This study presented a summary of findings, discussion and implications of the study

to medical-surgical nursing research, practice and education. Limitations and

recommendations were also discussed. The average number of comorbidities suffered before

the cervical cancer diagnosis in elderly women in Zimbabwe is 2.03 Number of comorbidities

in elderly women affect the way they interact with the health care system, discourages them

from seeking treatment for more serious conditions like cancer leading to presentation with

late stage symptoms.

The purpose of the study was to determine the relationship between prevalence of late

stage diagnosis of cervical cancer and number of comorbidities in elderly women aged 65

years and above in Zimbabwe. Betty Neuman’s Systems model was used to guide the study.

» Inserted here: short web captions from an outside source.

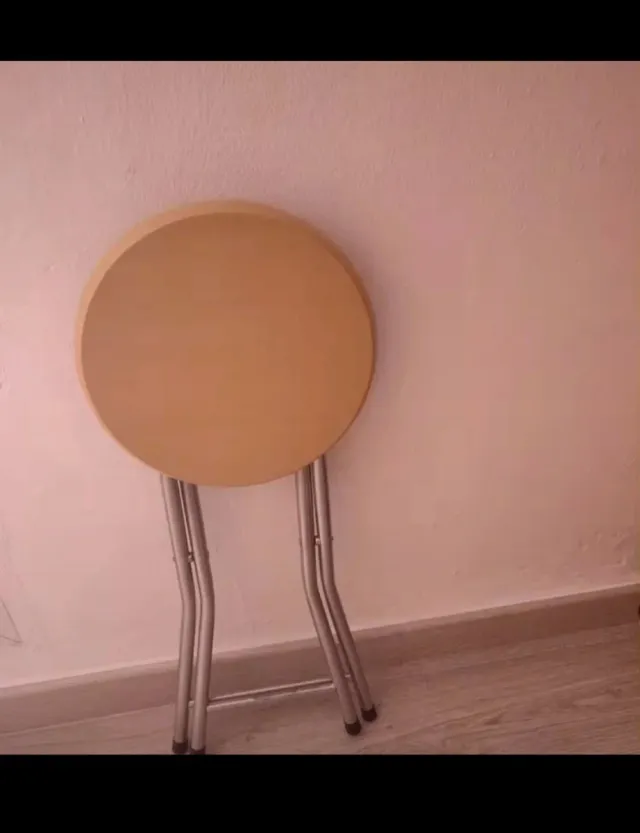 Taburete Plegable Madera y Metal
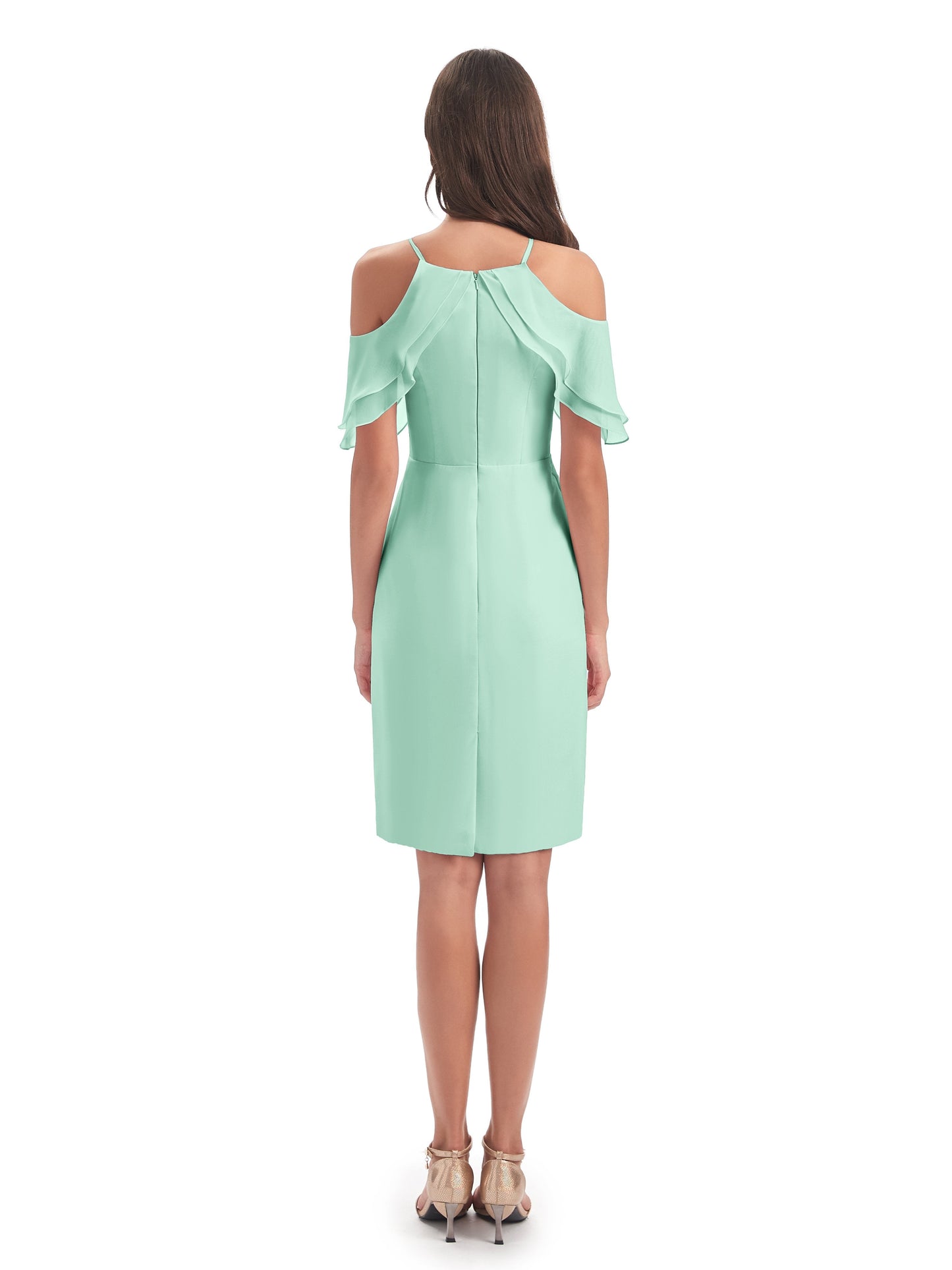 Aranza Off The Shoulder Knee Length Bridesmaid Dresses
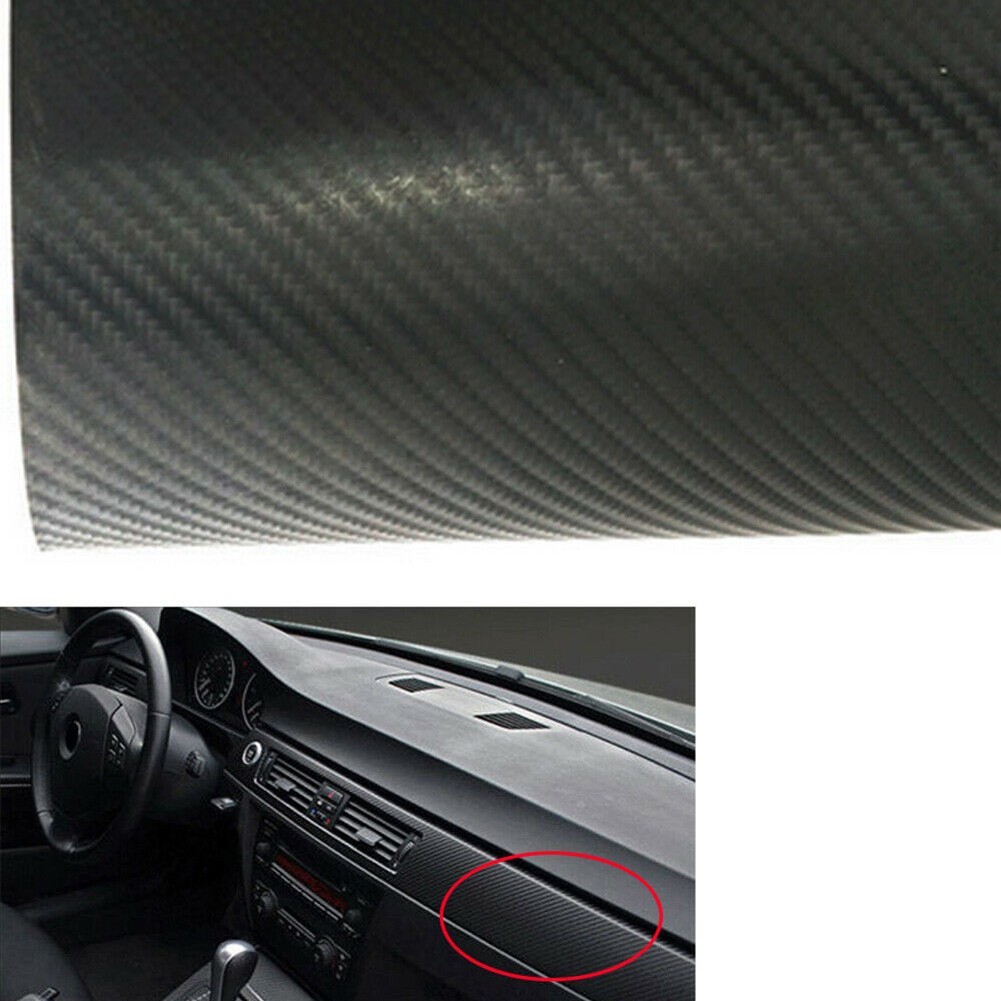 3D Car Interior Carbon Fiber Vinyl Wrap Sticker /Dashboard Trim Panel Roll Decal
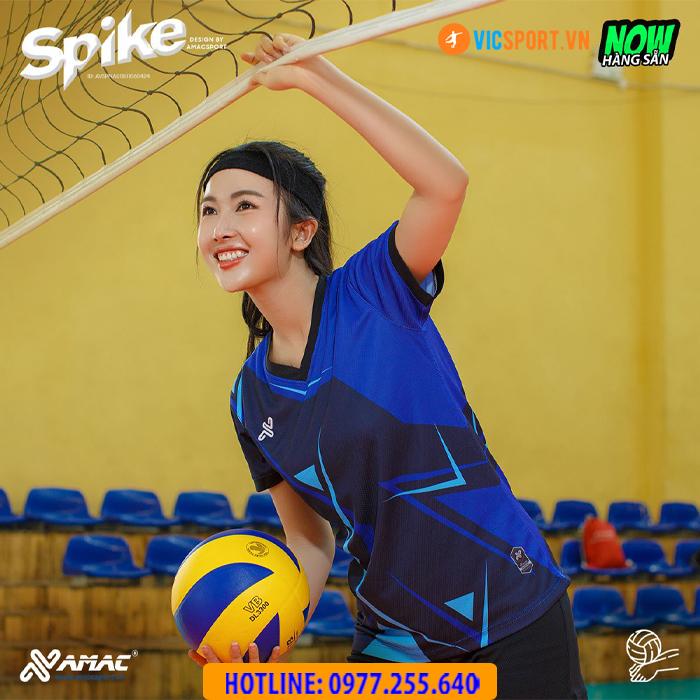 Quần áo bóng chuyền nữ Amac Spike - Hình ảnh 3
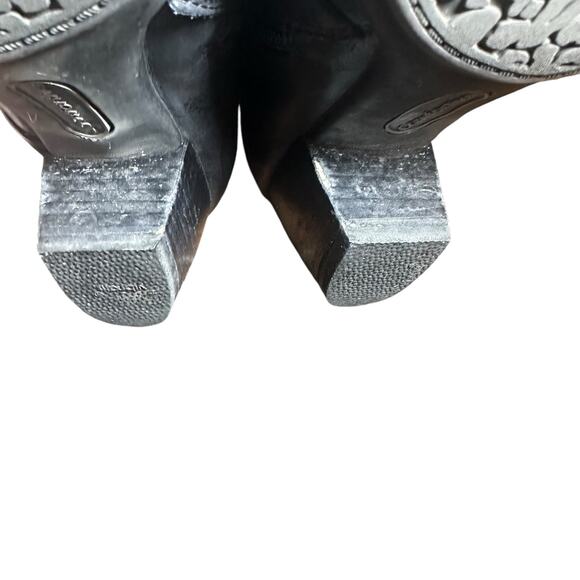 Comfortiva Anesbury Black Leather Ankle Booties - Size 8 - Picture 8 of 11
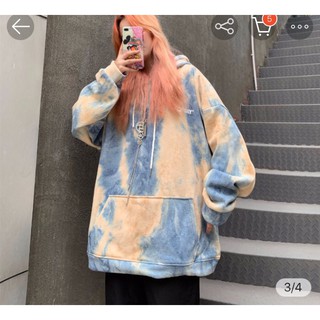 Áo hoodie loang Taobao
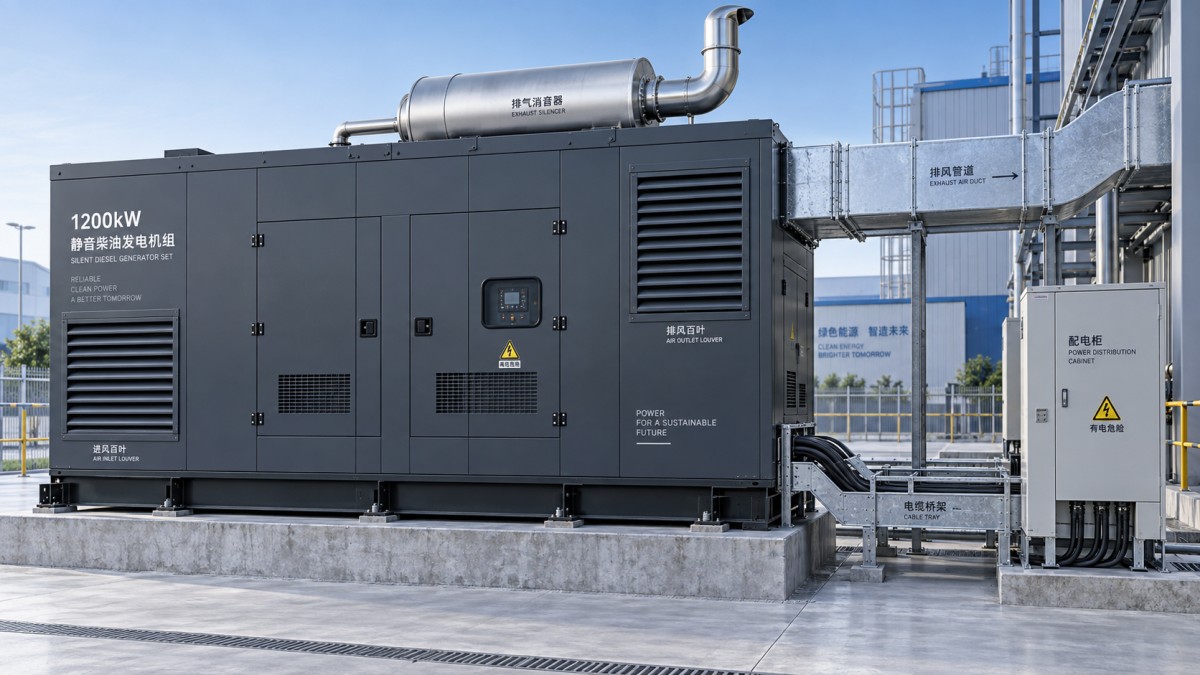 Quels facteurs déterminent le coût d'installation d'un groupe électrogène insonorisé de 1200 kW ?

A number of environmental stressors affect the primary and secondary prevention of cervical

cancer in elderly women leading to tertiary prevention which leads to palliative care as the

disease will have progressed to stage 3 or 4. A quantitative, non-experimental, descriptive

correlational design was used to conduct the study. The design helped in the description of

variables and the relationship between them. Convenience sampling was used to select 68

participants from the Parirenyatwa Radiography department, ward A6 as well as Spilhause

clinic at Harare Hospital. Thirty minute structured interviews were conducted using an

interview guide. A power analysis of .80 and significance level of .05 were used to calculate

77

the sample size which was then quartered due to time and financial constraints. Power assists

in identification of relationships in populations, a positive, significant correlation was

identified between prevalence of late stage cervical cancer diagnosis and number of

comorbidities before the diagnosis (r = .431**, p < 0.01).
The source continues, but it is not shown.